Jose Franco

About Me

Baseball

Jose Franco was a co-captain, alongside (The Developmental Gap Podcast & Former MLB Pitcher) Pedro Borbon Jr., of the 1985 Dewitt Clinton Varsity Baseball team—two of five captains under Head Coach Steven Nathanson, who arrived at Clinton in 1982 after coaching the No. 1 MLB draft pick Shawon Dunston. Nathanson replaced his brother Scott, who went on to coach alongside former Major Leaguer Paul Blair at Fordham University.

During his high school years, Franco played travel baseball with Richie Corbo (Youth Service League 16U) and Mel Zitter (18U), experiences that helped shape his long-term approach to development and competition.

Franco attended Iona College for baseball before pursuing independent baseball. He later returned to Binghamton University's School Of Management, balancing academics while running two small businesses in the early 1990s.

After graduating, Franco began coaching at the Youth Service League, where he met Walter Paller. He would go on to coach JV baseball at Berkeley Carroll intermittently through 2007.

In 2008, Franco served as pitching coach for the PSAL “B” City Championship team (Morris HS) under Head Coach Richie Corbo. Both later coached with the New York Grays under David Owens and the late Jeff Cohen.

In 2012, Franco stepped away from baseball and opened Stoop Juice , an organic juice bar in Park Slope—three blocks from his daughter’s school. He proudly embraces what he calls his “helicopter parent trophy,” having dropped his daughter off at school every day from pre-K through her final day at Packer Collegiate.

Today, Franco—married for 29 years—is the cohost of The Developmental Gap Podcast , Head JV Baseball Coach at Berkeley Carroll, and Head Coach of the Brooklyn Cadets 12U team.

Writing

For readers who arrive at stoopjuice.com with no interest in baseball, Jose Franco’s writing exists as a separate pursuit—an attempt to scale the voice of a street philosopher. He's building a metaphysical folding table on Fordham Road, offering free, hard-earned insights about discipline, self-talk, and reality to anyone willing to pause and engage—without expectation or coercion. At the same time, he's scaling that table to the world through his writing, knowing he can offer clarity, but he can’t control who chooses to take it.

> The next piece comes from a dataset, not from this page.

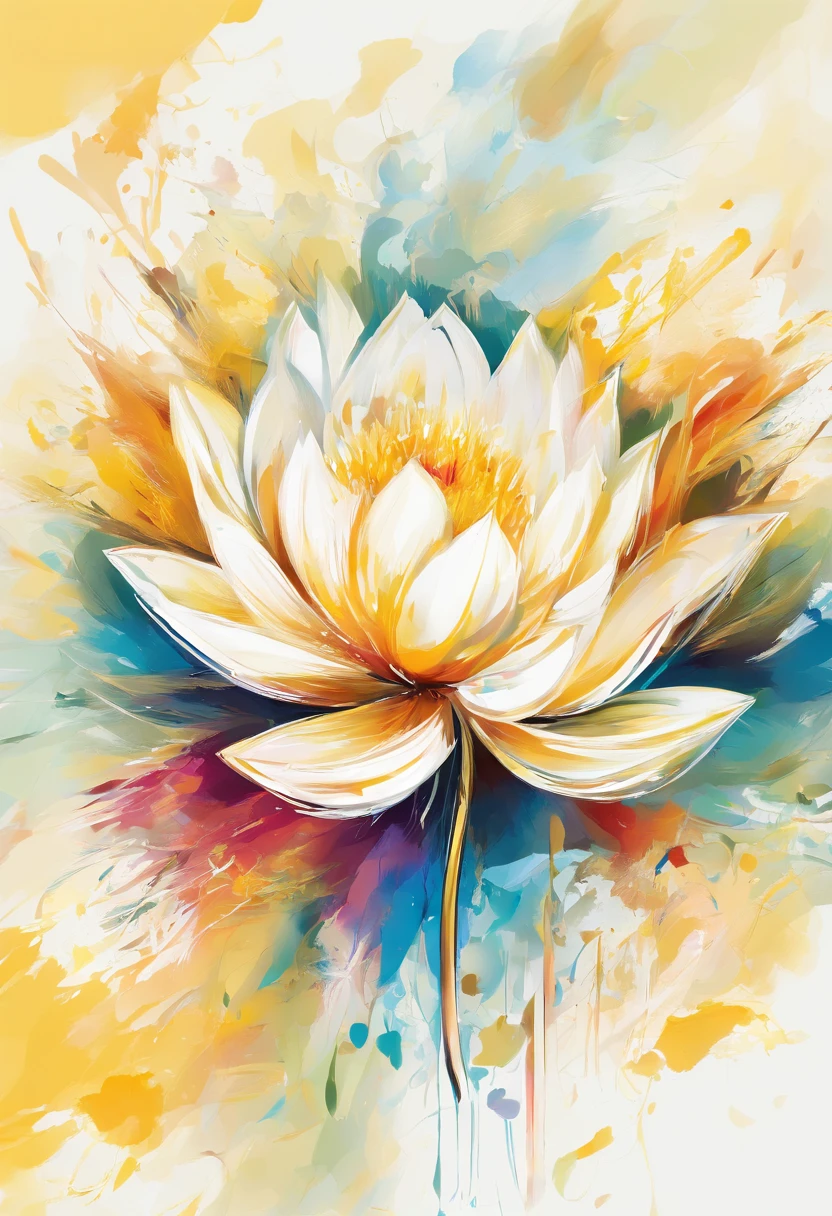 Draw an abstract painting of a single flower.,White Lotus Flowers、round lotus leaf behind、use acrylic paint、Abstract artist known for his unique use of acrylic pouring, real brush strokes,aesthetic composition,Minimal style, slow stroke、shape of light、White lotus flower symbolizes peace of mind.、Express the feeling of having a lighter burden on your heart、The main color of the work is bright and clean light yellow......、Add moist compacted sand、Enhances the texture and tactile elements of your artwork, While staring at this image, oot、Interaction of color and texture、feel a sense of relief、guided by salvation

His work lives in the space between reflection and action, written for those experiencing moments of existential friction—the quiet overwhelm, the internal contradiction, and the realization that thinking more deeply does not always make life easier.

He is not trying to represent philosophers as much as he is trying to wrestle with them. The goal isn’t to quote Friedrich Nietzsche or Arthur Schopenhauer correctly—it’s to sit in the discomfort they point to and see what holds up in real life.

Most of his writing comes from that tension: the gap between what he thinks he understands and how he actually behaves. The aim is to internalize ideas to the point where they stop sounding like philosophy and start showing up as honest, sometimes inconvenient reflection.

Rather than offering solutions, his work invites readers to sit in that tension—what he often refers to as paying an “energy tax”: the willingness to move beyond passive consumption into active reflection.

In a digital environment optimized for speed and certainty, Franco’s writing deliberately moves in the opposite direction—slow, unresolved, and often inconvenient. Not to scale in the traditional sense, but to reach those who recognize themselves in the discomfort of thinking more than they act.